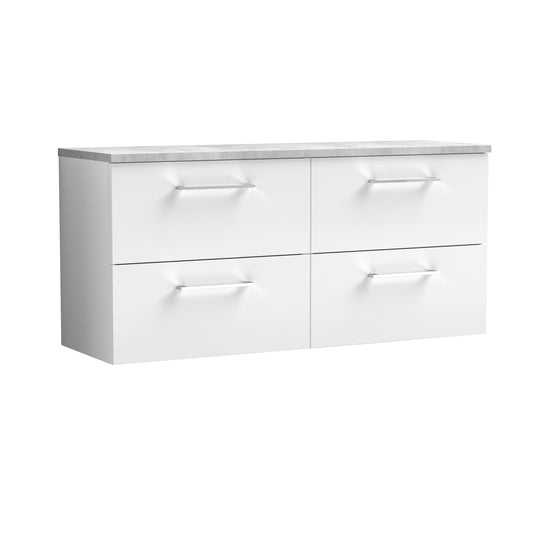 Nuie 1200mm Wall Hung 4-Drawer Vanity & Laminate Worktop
--
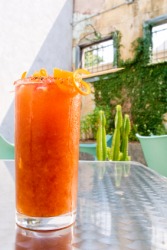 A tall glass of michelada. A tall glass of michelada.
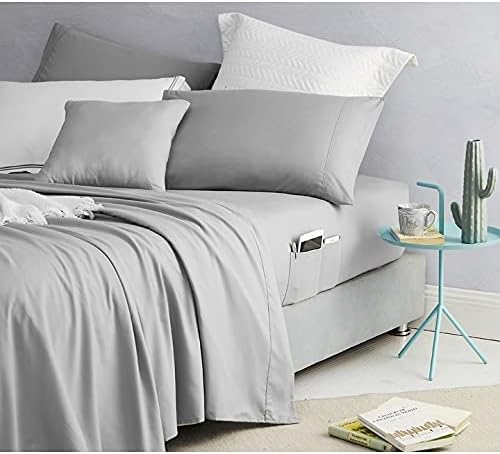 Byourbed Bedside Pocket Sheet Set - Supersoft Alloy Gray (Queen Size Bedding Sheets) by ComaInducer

▶ _Task description_
Though the entries above contain pictures, none should be copied; reproduce only the lines between the one holding "A tall glass of michelada. A" and the one holding "Byourbed Bedside Pocket", inclusive, exactly as written.

▶ _Response_
 A tall glass of michelada. A tall glass of michelada.
 Byourbed Bedside Pocket Sheet Set - Supersoft Alloy Gray (Queen Size Bedding Sheets) by ComaInducer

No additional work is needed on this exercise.